Immigrant mixes the right ingredients at two Merced restaurants
Is it the service, as when the owner of the Bar B-Q Pit breaks off a conversation, leaps up and handles a customer’s bill?
Is it the loyalty that has kept people working for years for the same boss?
Is it just the taste of the product — bought fresh, cooked slow and served fast — that leads to requests to cater for 1,000 diners?
Is it the old-fashioned “American Graffiti” touches — car hops, blue soda fountain stools, juicy burgers, warm buns and homemade root beer?
If you answered “all of the above,” you’re right.
Quality food, attentive service and a smoky atmosphere of the good ol’ days have led Roy Mercado to success in running two of Merced’s iconic restaurants.
The 53-year-old immigrant from Mexico has parlayed all those ingredients for nearly two decades into places where Mercedians like to eat and to work.
By working long hours, treating employees and customers with respect, and demonstrating a commitment to Merced, Mercado has people lining up at the Bar B-Q Pit and HW Family Drive-In.
Plus thousands of meals a year catered for such groups as Harley-Davidson, a picnic for Merced city employees, MID workers at Lake McClure and, a week ago, the Sun-Star staff.

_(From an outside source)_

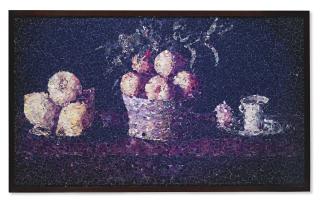 Vik Muniz - Still Life With Lemons, Oranges, And A Rose, After Francisco Zurbarán (From Pictures Of Magazines)
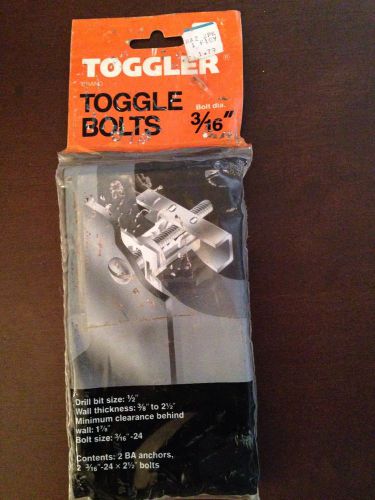 Toggle bolts 3/16&#034; for sale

Mercado started in the restaurant business in the early ’80s with the Lyons chain in the Bay Area. First he was a dishwasher, steadily advancing until he became a troubleshooter for the chain. The company would send him to a place with problems, and he’d solve them and turn red ink into black.
In 1988 he started managing the Eagles Nest, a popular hangout (and now where Vinnie DeAngelo has revived his restaurant ).
“I came in with a Bay Area mentality,” Mercado recalled, sitting in the Bar B-Q Pit. “Giant burgers. That didn’t work, so I left everything intact.”
Including Jeremiah Terrones, who had worked at HW for the previous owner. “Roy let me learn how to manage the business,” Terrones said. “He helped me learn how to serve customers. He’s a very, very good person. Let me learn how to run the business.” He’s been at the window of the place on 16th Street for 17 years, 16 of them as manager.
Rick Osorio, a former Merced City Council member and owner of Osorio Financial Services, has helped Mercado with insurance, workers compensation, licensing and other issues. “It’s people like Roy who are going to make our county better,” he said. “He’s an amazing guy. He treats his employees really well.”
One-on-one, Mercado comes across as modest, almost shy. His businesses are making money, especially since the G Street underpass was finished; when drivers had to detour off G Street, he estimates he lost 20 percent of his revenue.
Mercado attributes success to “a solid foundation of customers, good food, good service, great value.”
Choice meats come from Sysco. They cook everything in the pit over almond wood. They make their own gravy from flour and milk.
“My philosophy?” he asks. “Eat good.”
His cook, Rick McGrary, stayed on after Mercado bought the Pit in 1992. Katie Robertson had left after Mercado sold the Pit a few years back. That owner “ran it into the ground,” said Osorio, and since Mercado owned the property he again took over. Robertson came back to work for him the next day and has been there nearly 20 years.He employs 30 people full time, 20 others part time.
Mercado also owns several properties in town, as well as a fleet of muscle cars.
One day he hopes to dial it all down. His daughter is a special-education teacher in Cupertino. His son has passed the law enforcement academy and is waiting for a job as a cop or deputy; he helps out at both restaurants. Their dad has been approached to open places north and south of Merced County but is content to stay where he is for now. He’s grooming people like Terrones to take over one day.
Meanwhile, “I enjoy every minute of what I do” he said. “I want to develop people so we can grow.”
Sitting in your car at HW — which several people on Yelp.com have said serves the best burgers and fries in town — you can almost sense the voices and feel the vibes from George Lucas’ 1973 hit, “American Graffiti,” set in the Valley.
Listen. You can almost hear Curt Henderson (Richard Dreyfuss) yelling: “Quick! Hang a right! Cut over to G Street! I just saw a vision!”